Tunisie : les déclarations de soupçon explosent en 2024
Le secteur financier tunisien, composé des banques et de l’Office National des Postes, a adressé 1 230 déclarations de soupçon (DS) à la Commission Tunisienne des Analyses Financières (CTAF) en 2024, représentant 84,23 % du total des DS.
Au total, la CTAF a reçu 1 236 DS en 2024, contre 850 en 2023, soit une augmentation de 45 %, selon le rapport annuel de la commission. Cette tendance haussière, observée depuis 2022, s’explique principalement par la digitalisation du processus de déclaration en 2021, avec le déploiement de la plateforme GoAML, développée par l’Office des Nations unies contre la drogue et le crime (ONUDC) pour les besoins des Cellules de Renseignement Financier (CRF).
Le rapport souligne également la hausse du nombre de déclarations liées au trafic de migrants, motif de plusieurs DS reçues depuis 2023. Les établissements de paiement ont enregistré 119 déclarations en 2024, soit 9,6 % du total, contre seulement 4 en 2023, reflétant leur exposition croissante aux risques liés au trafic de migrants, notamment à travers la délivrance de fonds internationaux.
En revanche, l’activité déclarative des Entreprises et Professions Non Financières Désignées (EPNFD) reste très faible : seulement 3 déclarations provenant d’experts-comptables en 2024, contre une seule en 2023, malgré plusieurs campagnes de sensibilisation et de formation organisées par la CTAF et les autorités publiques. Cette faible participation surprend, étant donné que les EPNFD interviennent régulièrement dans des montages financiers, créations de sociétés et contrats, souvent liés aux dossiers analysés par la CTAF.
Sur le plan des types de déclarations, la majorité, soit 99 %, relève des SAR (déclaration d’activités suspectes) et STR (déclaration de transactions suspectes), liés au blanchiment d’argent.
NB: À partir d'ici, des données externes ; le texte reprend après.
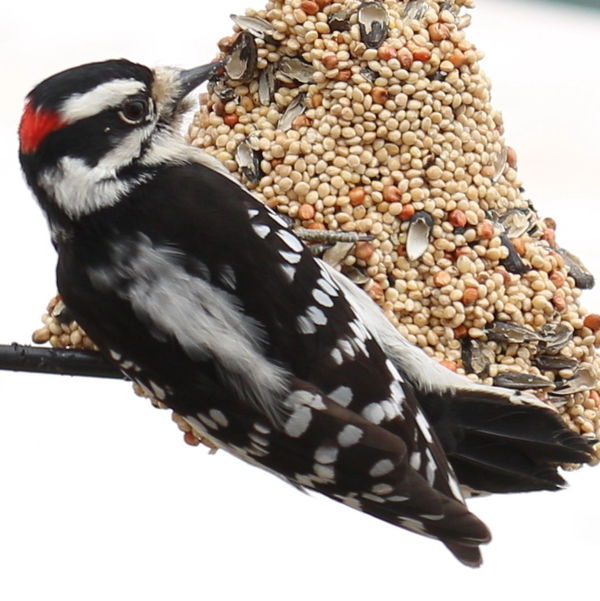 Downy Woodpecker...  Not sure which lens I used......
Seuls 1 % des DS concernent le financement du terrorisme (TAR et TFR), en lien avec la baisse constatée de l’activité terroriste sur le terrain.
Enfin, le rapport fait état d’une augmentation significative des personnes suspectes ou intervenants dans les DS, avec 14 506 personnes en 2024, contre 10 830 en 2023, soit une hausse de 33,9 %. La majorité concerne des personnes physiques (14 315, soit 98,7 %), illustrant la complexité croissante des enquêtes et la mobilisation accrue des ressources de la CTAF.